The kit preferably contains some type of storage container 22 that may be a cardboard or plastic box. Inside the container 22 are the components necessary to oxidatively or permanently color hair.
In particular, in FIG. 6B is a container 23 used to contain an aqueous peroxide composition 24 which is a necessary activator for the oxidative, or permanent, dyes used in oxidative hair color. FIG. 6C illustrates the oxidative hair colorant composition.
When the consumer desires to color the hair, the contents of the tube of FIG. 6C are combined with the contents of the aqueous peroxide composition 24 of FIG. 6B by, preferably, expressing the contents of the tube of FIG. 6C into the container 23 used to contain the aqueous oxidizing peroxide composition 24. The mixture is mixed well by shaking and applied to the hair for the amount of time necessary to oxidatively color the hair. The time period may range from about 5 to 45 minutes. Thereafter, the mixture is rinsed from the hair.
If the kit contains hair conditioner as depicted in FIG. 6D, the hair conditioner may be applied to the hair to condition it.

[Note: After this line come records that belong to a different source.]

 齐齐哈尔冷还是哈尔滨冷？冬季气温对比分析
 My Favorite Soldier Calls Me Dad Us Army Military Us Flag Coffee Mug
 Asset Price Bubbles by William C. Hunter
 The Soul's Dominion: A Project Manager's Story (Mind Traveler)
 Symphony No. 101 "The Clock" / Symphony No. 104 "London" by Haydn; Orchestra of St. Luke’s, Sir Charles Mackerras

The hair color touch up depicted in FIG. 6E is retained. At a later period, after the consumer notices new hair growth or color fading on the oxidatively colored hair, the consumer uses the container depicted in FIG. 6E, which contains a semi-permanent hair color that is identical or similar in shade to the oxidative dye that was in the kit. The touch up is used to touch up new hair growth or faded hair strands. The consumer may simply apply the dye composition found in the FIG. 6E container to the desired strands of dry hair, wait an appropriate period of time, generally about 5 to 30 minutes, but more preferably about 10 minutes. The consumer then rinses the semi-permanent hair color from the hair with water. The faded hair strands and new hair growth are colored to the same color as the originally oxidatively colored hair.
The packaged hair color composition, kit, and method of the invention provides a means for consumers who oxidatively color their hair to touch up the hair between coloring procedures. This enables consumers to maintain their hair color longer, and accordingly reduce the period of time between oxidative coloring procedures. The end result is hair that looks salon quality colored at al times.

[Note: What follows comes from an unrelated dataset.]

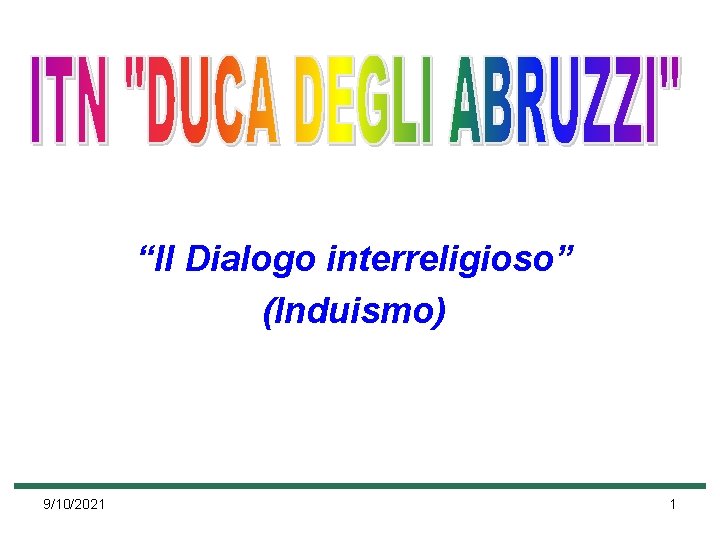 “Il Dialogo interreligioso” (Induismo) 9/10/2021 1 “Il Dialogo interreligioso” (Induismo) 9/10/2021 1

Hair color compositions suitable for use in the packaged hair color composition of the invention are set forth below:
The compositions were prepared by first heating the water in a kettle having a homogenizer mill attached, to a temperature of about 70 to 75° C. The mill was then turned on and the magnesium aluminum silicate sprinkled in and mixed well for 15-30 minutes. After the magnesium aluminum silicate was hydrated, the mill was turned off. While maintaining the temperature, the ethoxydiglycol, disodium EDTA, erythorbic acid, and methyl paraben were added to the main beaker and mixed for 15 minutes. The dyes were then added. In a side kettle the aminomethylpropanol and monoethanolamine were mixed with a small amount of the water. This pre-mix was then added to the ingredients in the main kettle and mixed for 30 minutes to ensure that the dyes were completely solubilized. The mill was turned off and the batch transferred to a turbine/sweep kettle. The batch was cooled to 35-40° C. and the fragrance oil added. The mixture was further mixed for an additional 15 minutes and cooled to 28-32° C.

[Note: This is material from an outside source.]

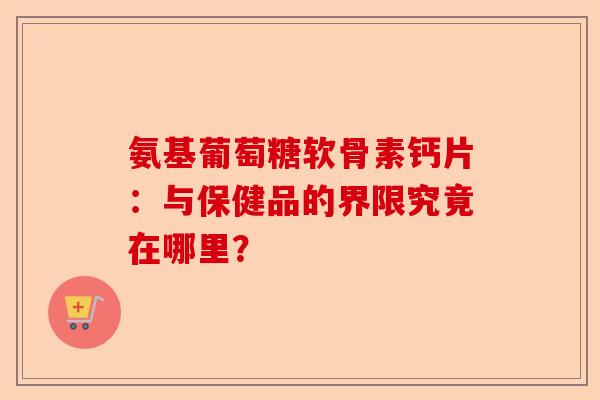 氨基葡萄糖软骨素钙片：与保健品的界限究竟在哪里？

Separately, the oil ingredients—oleic acid, cetearyl alcohol, emulsifying wax, oleth-20, oleyl alcohol, and steareth-21—were combined and heated to 70-75° C. The oil phase was then combined with the other ingredients and mixed well while maintaining the temperature at 70-75° C. The batch was cooled to 35-40° C. The fragrance oil was added and the composition mixed for an additional 15 minutes. The batch was cooled to 25° C.
While the invention has been described in connection with the preferred embodiment, it is not intended to limit the scope of the invention to the particular form set forth but, on the contrary, it is intended to cover such alternatives, modifications, and equivalents as may be included within the spirit and scope of the invention as defined by the appended claims.